WHAT YOU WILL DO: Exactly reproduce the lines from the one containing "צבע כחול אלבום" through the last line of the data, both ends included, leaving out pictures.

SUPPLIED DATA:
☆ ☆ ☆
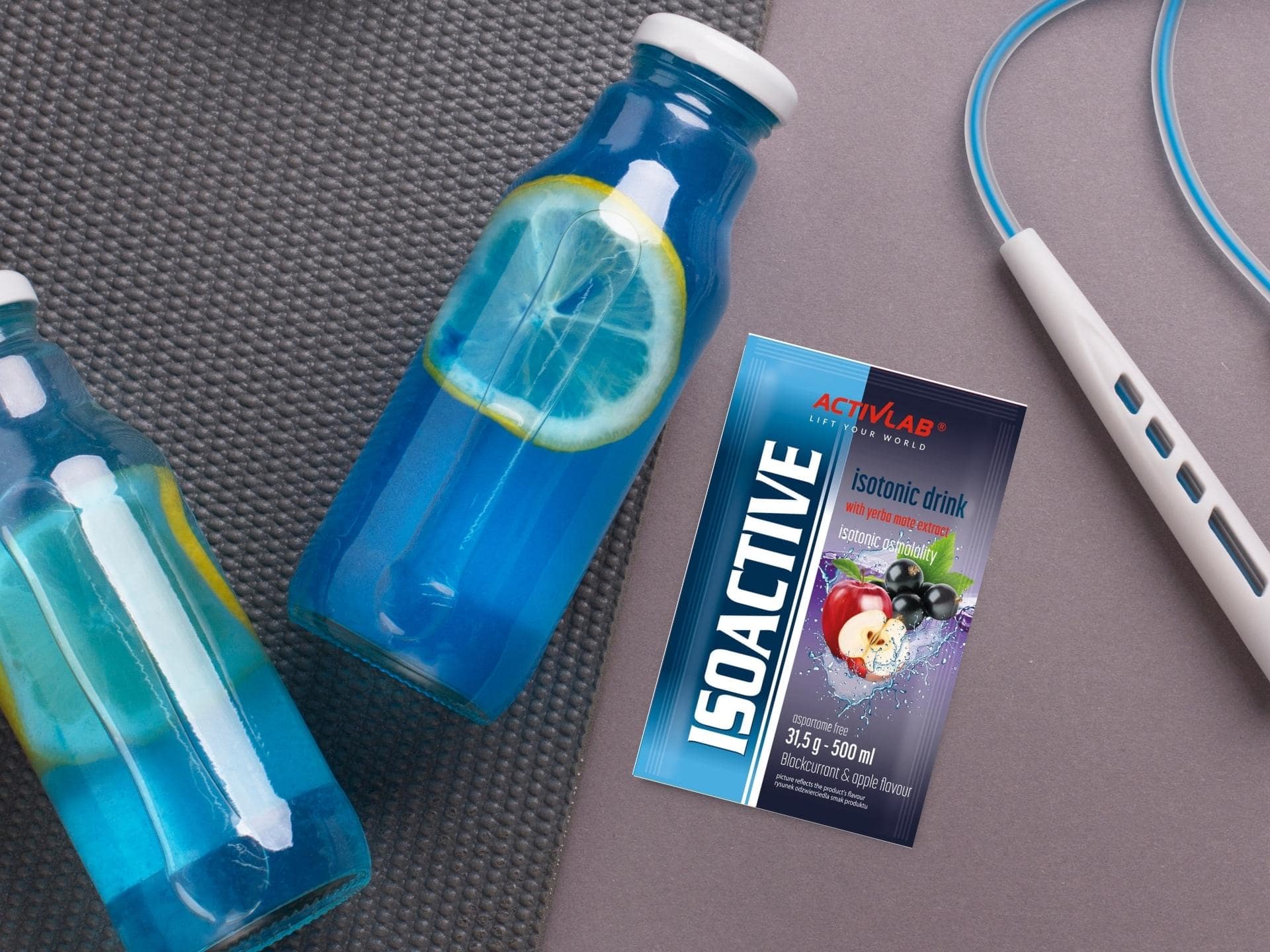 Iso Active sachet hydratation du corps currant apple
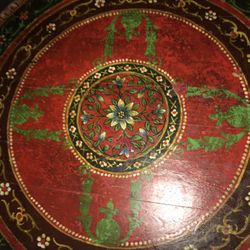 Antique Hand Painted Table From India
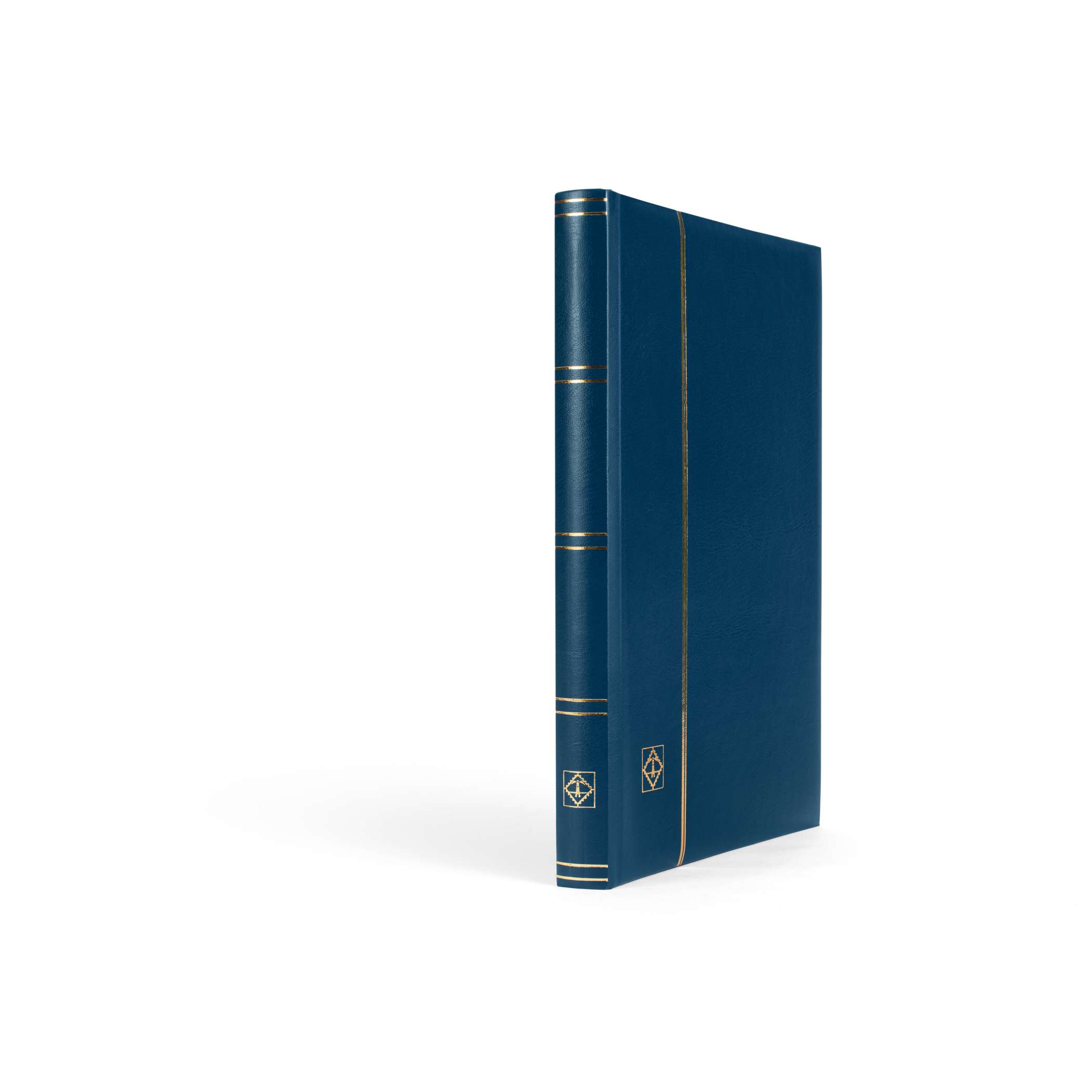 אלבום בולים "COMFORT" עם כריכה מרופדת – 16 דפים (32 עמודים) תוצרת Leuchtturm, גרמניה – צבע כחול אלבום בולים "COMFORT" עם כריכה מרופדת – 16 דפים (32 עמודים) תוצרת Leuchtturm, גרמניה – צבע כחול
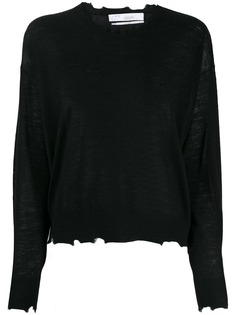 Iro distressed wool knit top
☆ ☆ ☆
RESULT OF THE TASK:
 אלבום בולים "COMFORT" עם כריכה מרופדת – 16 דפים (32 עמודים) תוצרת Leuchtturm, גרמניה – צבע כחול אלבום בולים "COMFORT" עם כריכה מרופדת – 16 דפים (32 עמודים) תוצרת Leuchtturm, גרמניה – צבע כחול
 Iro distressed wool knit top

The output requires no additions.